While acknowledging that a single monograph cannot accomplish all things regarding a topic as sweeping as this one, I believe that the lack of any discussion of clerical masculinity was a missed opportunity (or alternately, an avenue for future research). Beatty convincingly argues for the centrality of Catholic culture in construction of gender norms in Ireland but does not address the elephant in the room: priests and religious brothers. As nominal celibates, they did not offer a complete model for wider Irish masculinity. Nonetheless, as nationalists, sportsmen, imbibers, religious leaders, and disciplinarians, their views and actions obviously had a great effect on how the Irish imagined proper manhood.

The ubiquity of corporal punishment in schools at the hands of male authority figures could not help but have profound effects on Irish men and women.
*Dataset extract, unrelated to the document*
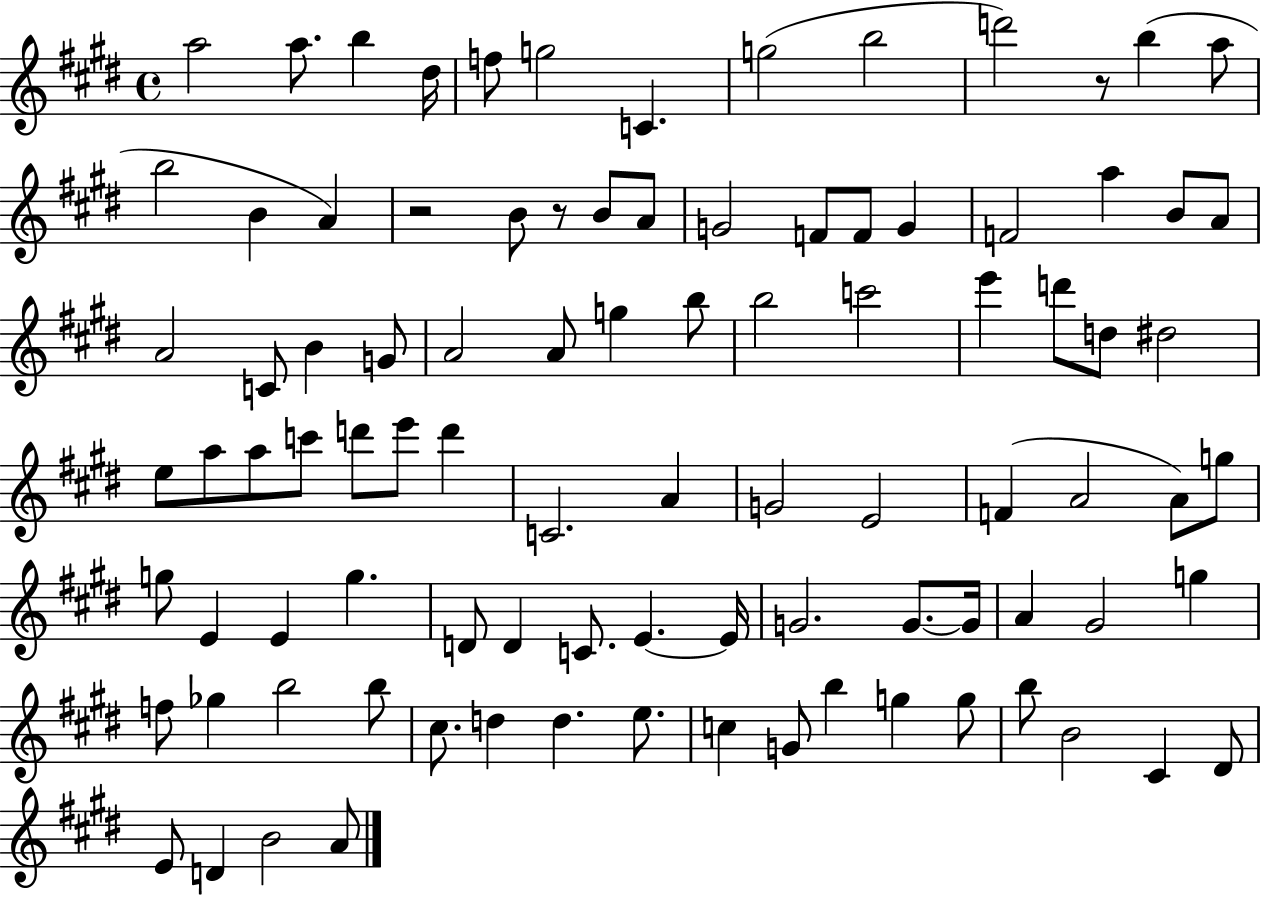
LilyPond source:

The literature on child abuse has long shown that children who are physically maltreated are more likely to be violent with their own children, creating cycles of violence across the generations. Beatty astutely argues that “Catholic-centric explanations serve … to exculpate the state. Thus, in the context of a society that has ostensibly moved away from Catholicism, oppressive social control can be historiographically represented as something Catholics were responsible for in the past, whilst the state, then as now, remains blameless” (210; author's emphases). Before the phrase “It could happen to a bishop” became a punchline alluding to secret children sired by members of the Catholic hierarchy and other scandals, the common phrase was used to convey the idea that bad things could happen to even the best of men. After the Ryan Report, it is hard to imagine a consensus that sees Irish bishops as the embodiment of untarnished virtue. An examination of the state's tacit support for prevailing models of clerical masculinity—especially with regards to open secrets of illicit sexuality and physical violence—would have tied in well with Beatty's other case studies and strengthened the overall argument.

Despite the book's many strengths, Beatty somewhat oversells the uniqueness of his chronology and subject matter. While there are of course monographs about the revolutionary period, Irish historiography is not particularly bifurcated at any one date—not 1916, 1922, 1937, or 1949. Most major histories do not specially privilege a date in that range as a major dividing line for Irish culture, as opposed to Irish politics and governance. R. F. Foster chooses 1600–1972, Paul Bew 1789–2006, Alvin Jackson 1798–1998. Diarmaid Ferriter focuses on the whole twentieth century. In other words, there is no established consensus that Irish culture and society (as opposed to politics) drastically changed in those years, so there is not much to be debunked. Furthermore, while interesting in conception, I did not find the Zionist “mirror” to be particularly enlightening. Beatty uses a smattering of Irish- and Hebrew-language sources in his work, which certainly points to an uncommon linguistic repertoire, but the comparison never provides a novel interpretation of Irish masculinity beyond showing that it was indeed part of a wider European culture of gender construction. These (possible) shortcomings are nonetheless easily overlooked in light of the overall contributions of this eminently worthwhile monograph.